Pilkada 2015 dibuat lebih ramah bagi penyandang disabilitas

IsuKepri.com – Pilkada 2015 ini adalah pilkada serentak pertama dalam skala besar dan juga diharapkan akan lebih mengakomodir kebutuhan penyandang disabilitas.
Komisi Pemilihan Umum setidaknya berusaha menyelenggarakan pesta demokrasi tersebut secara baik untuk kaum difabel, kata Ferry Kurnia, komisioner KPU.

“Jadi tuh kita sudah akomodir betul dalam regulasi kita. Nah dalam implementasi yang kita sekarang laksanakan juga kita akomodir misalnya dalam debat teman-teman kita yang tuna rungu juga ada yah medianya sehingga dia bisa menonton TV dengan bahasa yang bisa dipahami oleh teman-teman tuna rungu (bahasa isyarat),” jelas Ferry.

Selain itu, KPU juga akan membuat Tempat Pemungutan Suara (TPS) yang dapat diakses oleh seorang yang menggunakan kursi roda dan membuat template dengan huruf braille.

Direktur Eksekutif Perkumpulan untuk Pemilu dan Demokrasi (Perludem) Titi Anggraini berpendapat KPU membuat kemajuan dalam pilkada kali ini ketimbang pilkada sebelumnya dengan adanya data penyandang disabilitas di situs KPU.
“Di situ di kolom pemilih sudah ada informasi jenis disabilitas. Jadi tuna rungu, tuna netra, tuna grahita, tuna daksa itu sudah ada jenis disabilitas. Tapi memang angkanya kecil sekali,” kata Titi.

Sosialisasi

Hingga hari Kamis (03/12) tercatat ada hampir 129.000 penyandang disabilitas yang terdaftar sebagai pemilih pada pilkada kali ini.
Padahal jumlah penyandang tuna netra saja diperkirakan ada sekitar tiga juta orang.
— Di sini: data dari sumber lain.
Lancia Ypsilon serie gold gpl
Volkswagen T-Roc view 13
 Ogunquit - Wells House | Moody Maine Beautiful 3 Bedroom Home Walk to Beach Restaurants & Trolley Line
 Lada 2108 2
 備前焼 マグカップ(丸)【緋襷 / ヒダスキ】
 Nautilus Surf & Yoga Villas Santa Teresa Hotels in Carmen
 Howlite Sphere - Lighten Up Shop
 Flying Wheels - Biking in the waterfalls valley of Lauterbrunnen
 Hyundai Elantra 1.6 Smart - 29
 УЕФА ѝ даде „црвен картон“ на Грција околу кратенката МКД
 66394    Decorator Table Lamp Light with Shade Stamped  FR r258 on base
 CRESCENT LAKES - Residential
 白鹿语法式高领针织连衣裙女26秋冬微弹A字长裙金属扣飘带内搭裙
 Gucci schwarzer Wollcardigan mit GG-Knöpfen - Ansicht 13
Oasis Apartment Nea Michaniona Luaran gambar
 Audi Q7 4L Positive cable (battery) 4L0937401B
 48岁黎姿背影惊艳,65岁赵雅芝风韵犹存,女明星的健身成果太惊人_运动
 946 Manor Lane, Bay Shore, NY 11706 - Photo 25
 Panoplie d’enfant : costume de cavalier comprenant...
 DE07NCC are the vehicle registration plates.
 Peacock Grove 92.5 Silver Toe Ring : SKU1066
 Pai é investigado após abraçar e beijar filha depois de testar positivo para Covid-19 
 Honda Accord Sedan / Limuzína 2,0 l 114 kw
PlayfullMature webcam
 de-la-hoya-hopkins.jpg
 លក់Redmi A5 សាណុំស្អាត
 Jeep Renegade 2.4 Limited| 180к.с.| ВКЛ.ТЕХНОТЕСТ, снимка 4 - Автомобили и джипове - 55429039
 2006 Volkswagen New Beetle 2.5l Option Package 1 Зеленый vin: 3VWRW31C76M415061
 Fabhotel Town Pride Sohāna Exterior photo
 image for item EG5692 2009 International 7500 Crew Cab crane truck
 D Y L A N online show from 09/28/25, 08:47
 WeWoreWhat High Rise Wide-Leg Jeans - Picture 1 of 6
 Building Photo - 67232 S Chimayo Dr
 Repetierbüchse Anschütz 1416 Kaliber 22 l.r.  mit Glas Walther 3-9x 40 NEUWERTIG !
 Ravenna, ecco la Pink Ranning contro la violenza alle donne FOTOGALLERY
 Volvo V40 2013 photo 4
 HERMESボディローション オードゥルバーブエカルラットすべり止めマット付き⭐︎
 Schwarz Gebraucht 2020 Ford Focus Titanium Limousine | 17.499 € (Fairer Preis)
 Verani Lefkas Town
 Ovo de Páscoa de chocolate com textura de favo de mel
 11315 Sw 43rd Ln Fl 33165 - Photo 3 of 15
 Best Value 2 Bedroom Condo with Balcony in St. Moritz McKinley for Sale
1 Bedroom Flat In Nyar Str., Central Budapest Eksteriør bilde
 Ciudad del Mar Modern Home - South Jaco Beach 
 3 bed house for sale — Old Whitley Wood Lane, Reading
Irwan Dwi Kustanto, seorang penyandang tuna netra yang pernah memprakarsai pembuatan alat bantu mencoblos untuk tuna netra mengatakan pada pilkada dan pemilu-pemilu terlebih dahulu kendala lebih banyak terletak pada sosialisasi.

“Baik pada KPU-nya maupun dari kami lembaga-lembaga ketunanetraan karena persoalan untuk menjangkau seluruh tuna netra itu sangat berat walaupun ada beberapa NGO-NGO (Lembaga Swadaya Masyarakat) yang sudah melakukan sosialisasi dengan memberikan semacam buku-buku Braille ke komunitas tuna netra tertentu ya,” kata Irwan.

Hal yang sama juga diungkap oleh Titi Anggraini.”Kendalanya terletak pada pemahaman petugas. Aturannya baik tapi kalau training-nya (pelatihannya) gak maksimal aturan itu gak bisa diterapkan,” jelas Titi.

Teknologi aplikasi

Bagaimana pun niat KPU untuk membuat pilkada mendatang ramah bagi penyandang disabilitas menurut Titi perlu dihargai.
“Memang harus kita akui, paradigma penyelenggara pemilu kita yang sekarang relatif membaik soal pemenuhan hak-hak disabilitas. Tapi sekali lagi problemanya apakah paradigma yang baik itu mampu diturunkan sampai kepada petugas di lapangan,” tutur Titi.

KPU pun mulai mendorong pengembangan teknologi yang ramah bagi penyandang disabilitas, contohnya dengan memasukkan kategori disabilitas dalam lomba pembuatan aplikasi untuk pilkada Apps Challenge yang digelar KPU bulan November lalu.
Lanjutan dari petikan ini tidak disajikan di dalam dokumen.